One thing is for certain: the kids were growing tired of the same old videogames. The enormous blockbuster success of Street Fighter 2, Mortal Kombat and NBA Jam masked a very sharp decline in the overall industry, and given how notoriously fickle the gaming public was at the time (just ask Sega), something new was needed. Yet another console cycle of refined 1980s-style 2D games just wasn't going to cut it. The kids were not going to tolerate another five years of Donkey Kong Country clones. Without Sony, where does that new innovation come from? Does it come from PC? Doom was a massive megahit, and Windows 95 showed Microsoft was taking videogames seriously. But they only did so because of Sony, and feared losing the living room which was to be the home of the legendary "set top box," where all the futuristic technology predicted decades earlier would converge. Without PlayStation, does Microsoft stick to the PC, expecting that to become the center of the digital future?

The truth is that's the real reason Sony got into the videogame business. They wanted a foothold in the living room so that they could control that future market, one where you could watch movies, surf the internet, conduct online shopping, download music, yada yada. Sony built the PlayStation so that they could sell DVDs and Blu-Rays. Take away the PlayStation and all of that either moves back several crucial years, or disappears entirely. Who knows? Maybe we'd be watching movies on Super VHS?

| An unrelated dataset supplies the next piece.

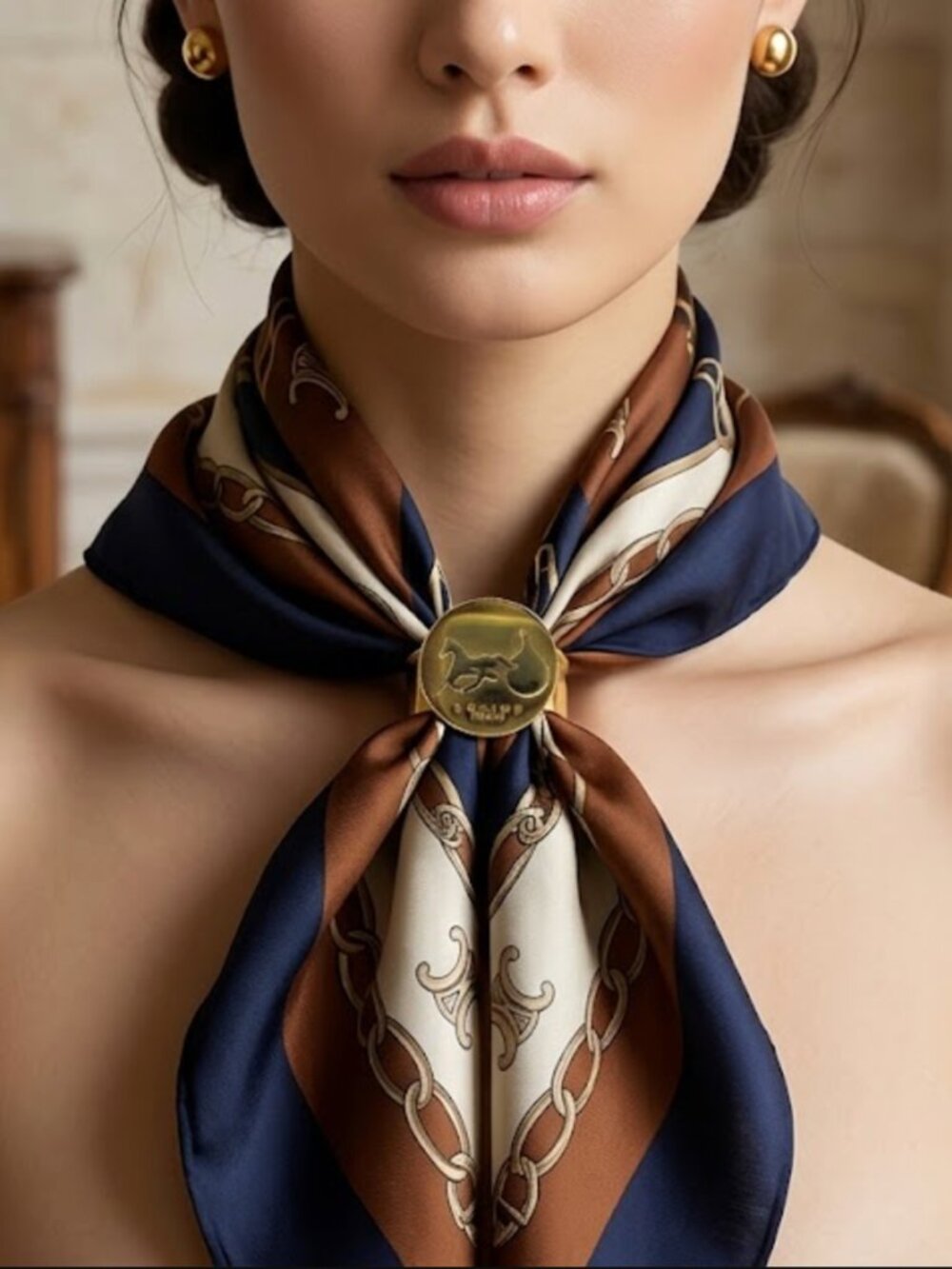 Celine Paris Scarf Ring Embossed 3D Sulky Horse Carriage Gold Tone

Counterfactuals, alternate timelines, it's all but impossible to speculate. Sony's PlayStation was a massively disruptive product that changed videogames and consumer electronics in every conceivable way. It was the asteroid that wiped out the dinosaurs and cleared the path for the new century. And there really wasn't anyone else with the vision to make that happen, not Phillips, not Microsoft, certainly not 3DO. Atari Corp was slowly fading into extinction, Sega was that cult favorite local band that had a couple breakout hits, and Nintendo, well, they'll always be Nintendo. They're never going anywhere. How videogames in the 90s would have looked is anyone's guess, but it almost certainly would have been smaller, weaker and less interesting.